▸ ABOUT THIS TASK
The pictures in the listing below are to be skipped, while the lines between the line holding "Everything Wrong With" and the line holding "LEGO® Egyéb Kacsacsalád", inclusive, are to be output exactly.
BEGIN DATA EXCERPTS
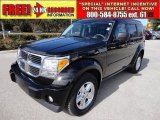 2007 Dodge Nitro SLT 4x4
END DATA EXCERPTS
BEGIN DATA EXCERPTS
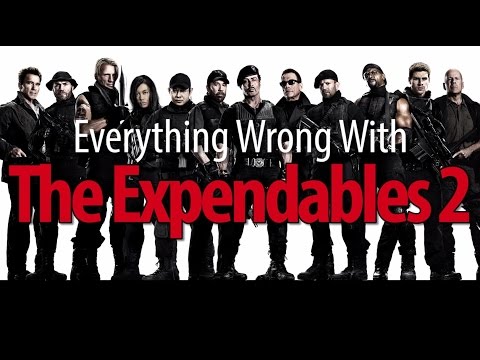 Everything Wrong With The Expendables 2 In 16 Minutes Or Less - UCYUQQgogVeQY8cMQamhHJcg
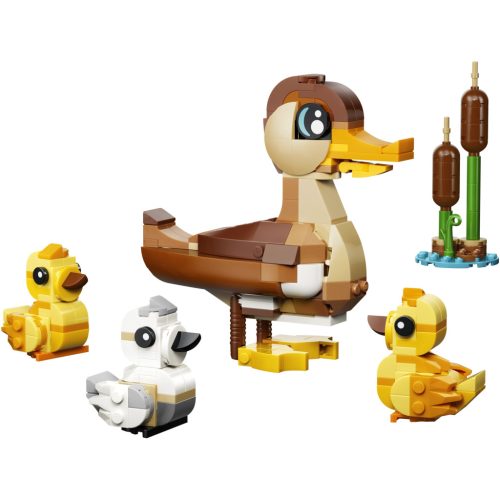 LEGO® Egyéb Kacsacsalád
END DATA EXCERPTS
▸ RESPONSE TO THIS TASK
 Everything Wrong With The Expendables 2 In 16 Minutes Or Less - UCYUQQgogVeQY8cMQamhHJcg
 LEGO® Egyéb Kacsacsalád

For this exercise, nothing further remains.